[Brief descriptive captions]
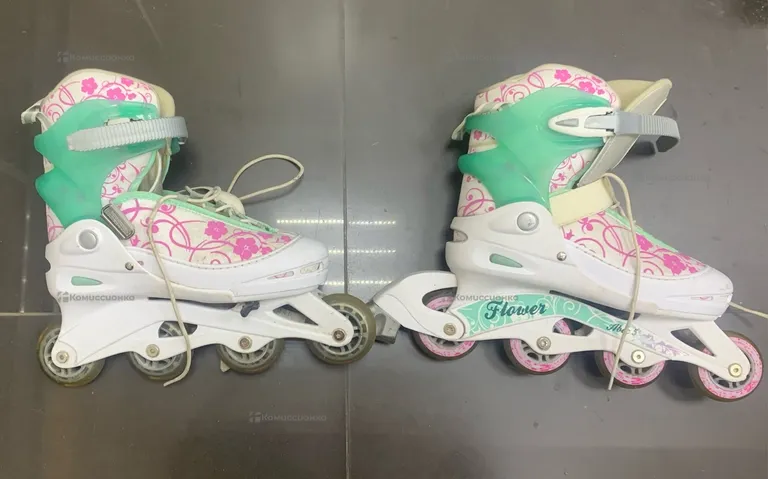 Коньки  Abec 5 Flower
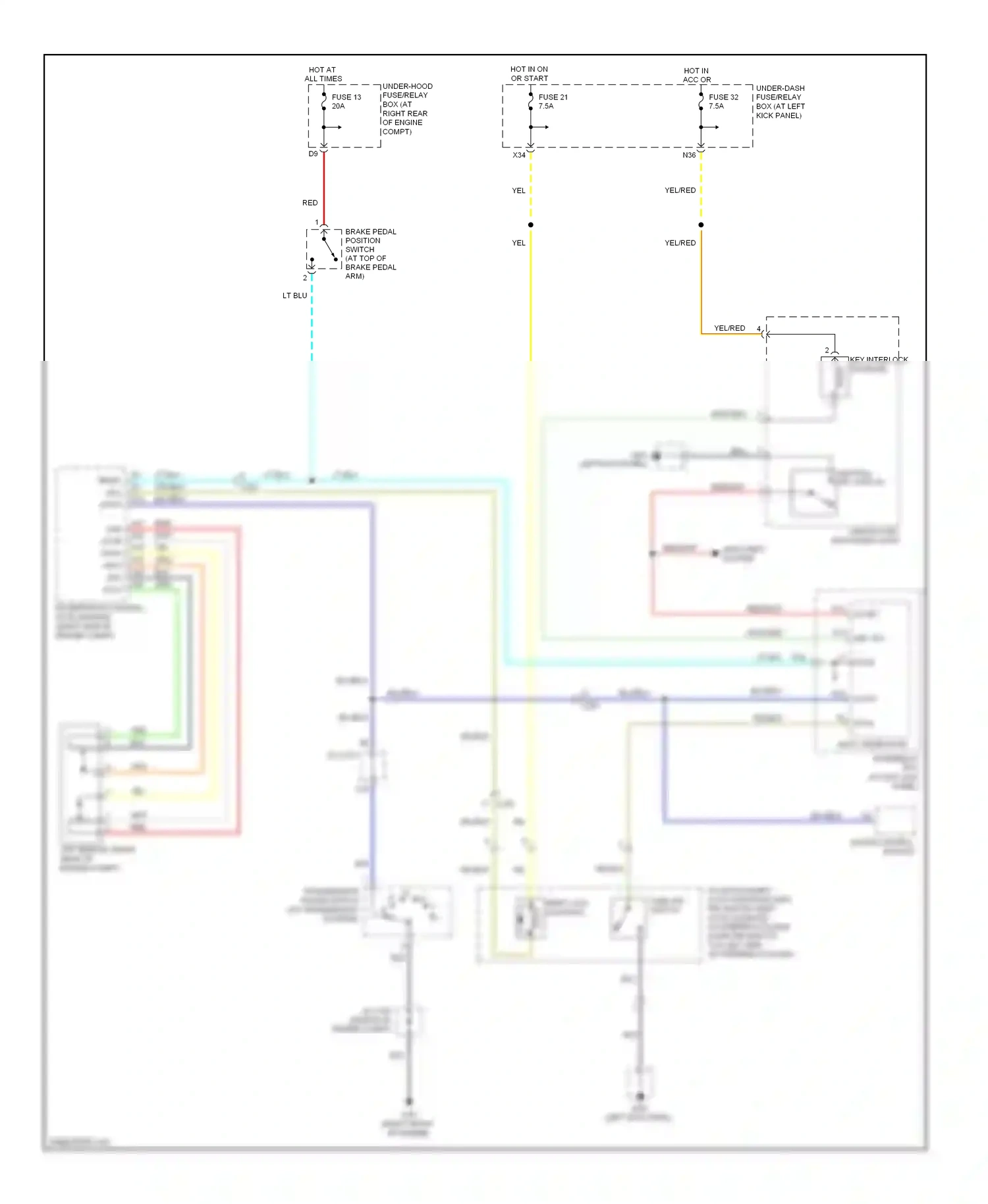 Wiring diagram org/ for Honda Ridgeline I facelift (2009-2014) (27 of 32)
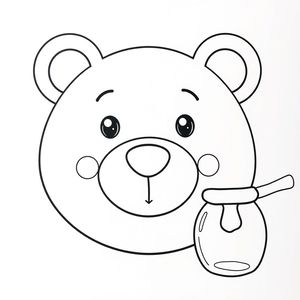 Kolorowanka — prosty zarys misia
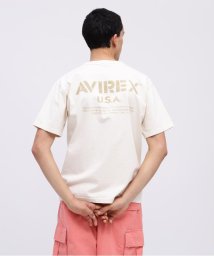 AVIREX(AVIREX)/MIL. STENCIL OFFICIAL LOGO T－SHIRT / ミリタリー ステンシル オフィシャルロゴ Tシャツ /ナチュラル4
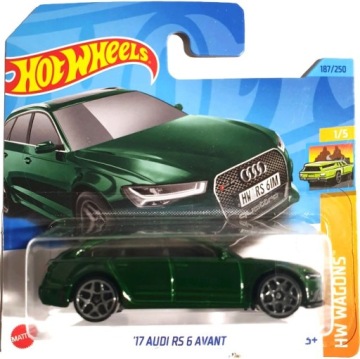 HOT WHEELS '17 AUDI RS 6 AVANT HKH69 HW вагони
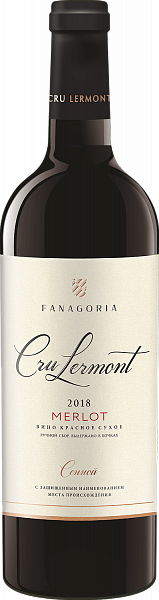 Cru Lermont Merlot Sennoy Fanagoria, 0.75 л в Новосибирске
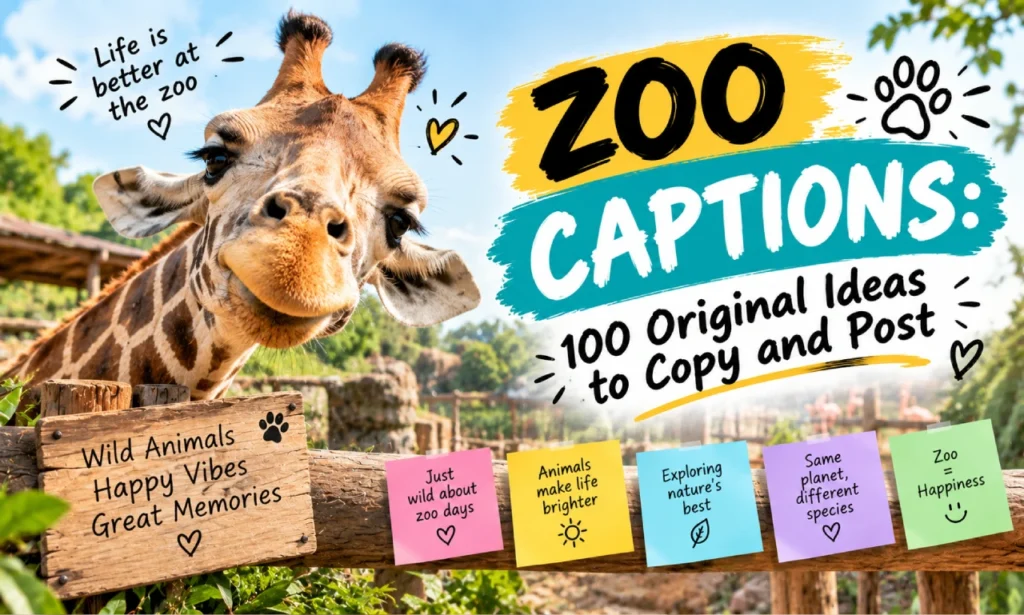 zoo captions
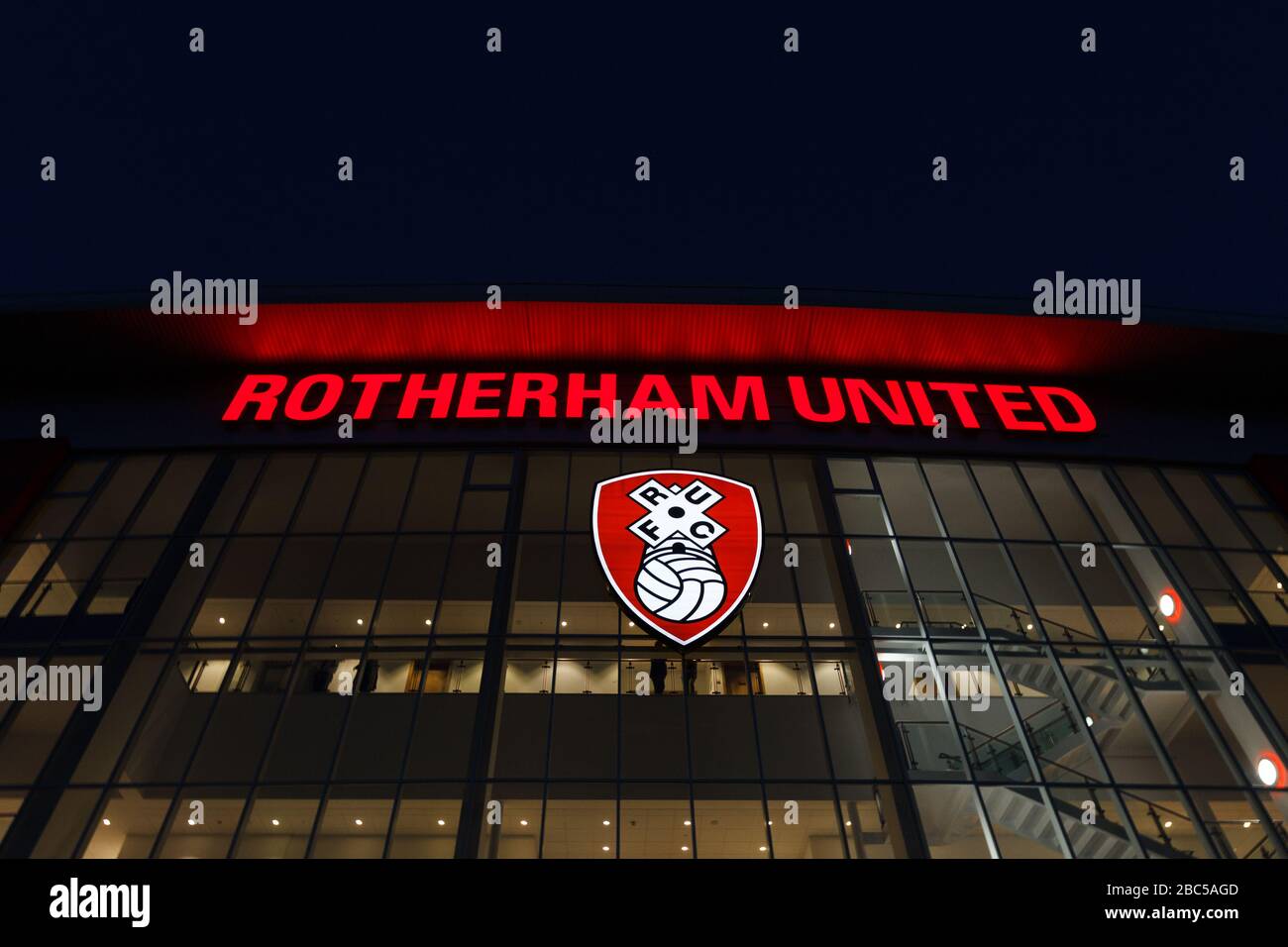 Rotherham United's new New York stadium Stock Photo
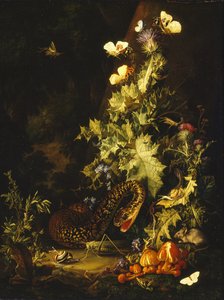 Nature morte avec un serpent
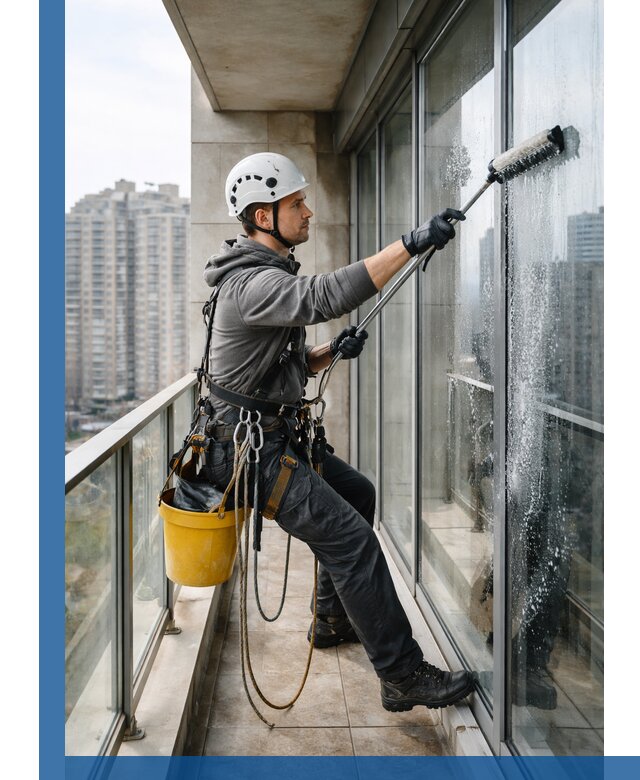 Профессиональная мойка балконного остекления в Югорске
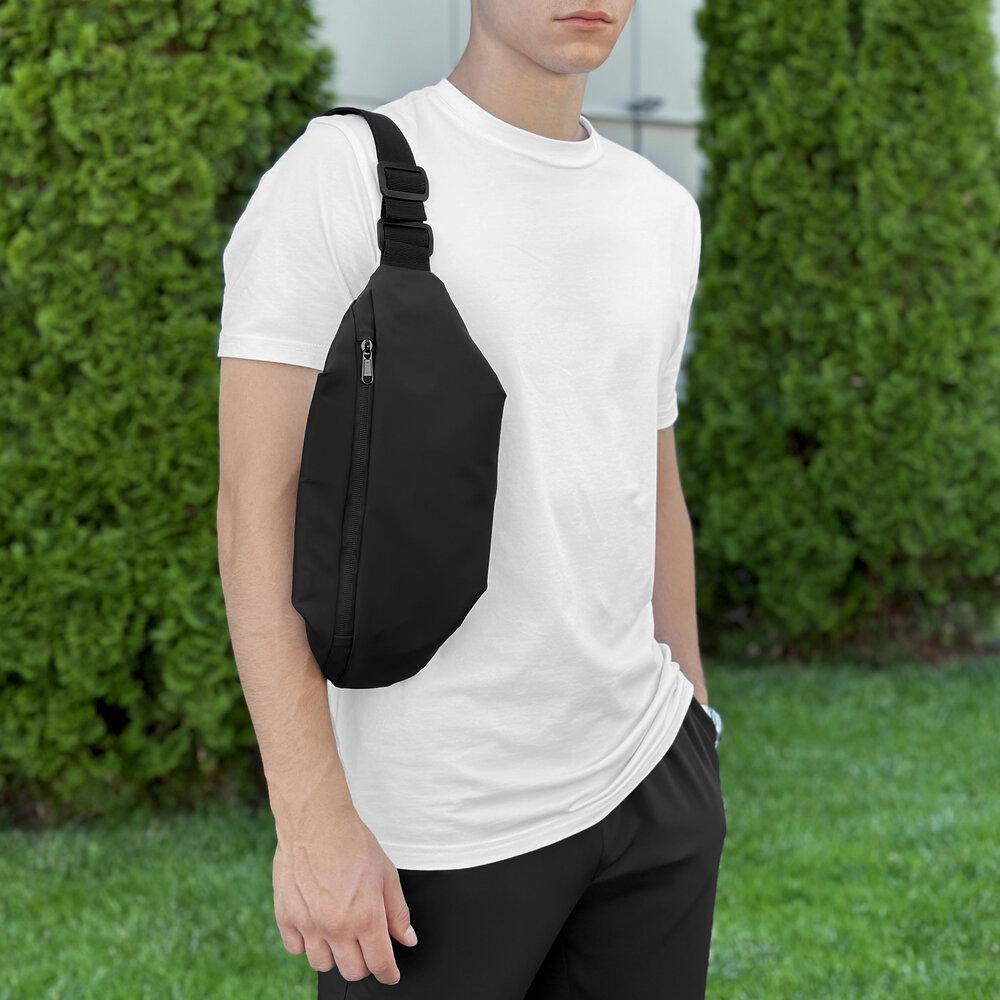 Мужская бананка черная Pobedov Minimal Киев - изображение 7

● **TRY IT**
A word-for-word copy of all the data is required, minus the pictures.

● **TASK RESPONSE**
 Коньки  Abec 5 Flower
 Wiring diagram org/ for Honda Ridgeline I facelift (2009-2014) (27 of 32)
 Kolorowanka — prosty zarys misia
 AVIREX(AVIREX)/MIL. STENCIL OFFICIAL LOGO T－SHIRT / ミリタリー ステンシル オフィシャルロゴ Tシャツ /ナチュラル4
 HOT WHEELS '17 AUDI RS 6 AVANT HKH69 HW вагони
 Cru Lermont Merlot Sennoy Fanagoria, 0.75 л в Новосибирске
 zoo captions
 Rotherham United's new New York stadium Stock Photo
 Nature morte avec un serpent
 Профессиональная мойка балконного остекления в Югорске
 Мужская бананка черная Pobedov Minimal Киев - изображение 7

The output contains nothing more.